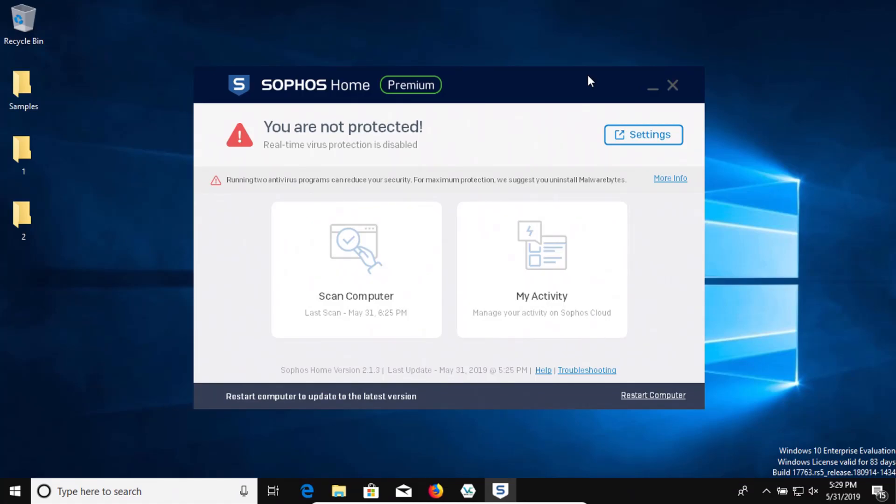Welcome to this video. Today we will be testing Sophos antivirus. You can see it up here on the screen right now.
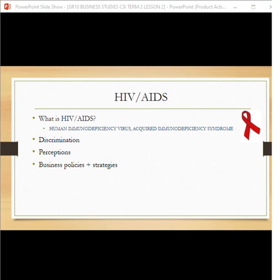Now we move on to HIV and AIDS. Recap: HIV is the Human Immunodeficiency Virus, and AIDS is Acquired Immunodeficiency Syndrome. The big issue around HIV and AIDS is discrimination — there are widespread perceptions about HIV that lead people to discriminate against those who are HIV positive. This influences work ethic, productivity, and focus for all employees. Businesses can create strategies and policies to educate people on this disease and reduce associated stigma.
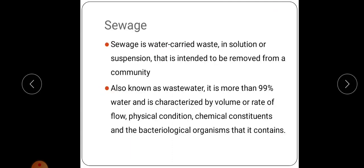Next we can discuss some of the terms in sanitary engineering. Sewage means the mixture of waste and water. Sewage is water-carried waste in solution or suspension that is intended to be removed from a community. It is also known as wastewater. It is more than 99% water and is characterized by volume or rate of flow, physical condition, chemical constituents and bacteriological organisms that it contains.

——

▸ **Required work**: The finished copy should match the data above word for word and contain no pictures.

▸ **Solution for this exercise**:
Welcome to this video. Today we will be testing Sophos antivirus. You can see it up here on the screen right now.
Now we move on to HIV and AIDS. Recap: HIV is the Human Immunodeficiency Virus, and AIDS is Acquired Immunodeficiency Syndrome. The big issue around HIV and AIDS is discrimination — there are widespread perceptions about HIV that lead people to discriminate against those who are HIV positive. This influences work ethic, productivity, and focus for all employees. Businesses can create strategies and policies to educate people on this disease and reduce associated stigma.
Next we can discuss some of the terms in sanitary engineering. Sewage means the mixture of waste and water. Sewage is water-carried waste in solution or suspension that is intended to be removed from a community. It is also known as wastewater. It is more than 99% water and is characterized by volume or rate of flow, physical condition, chemical constituents and bacteriological organisms that it contains.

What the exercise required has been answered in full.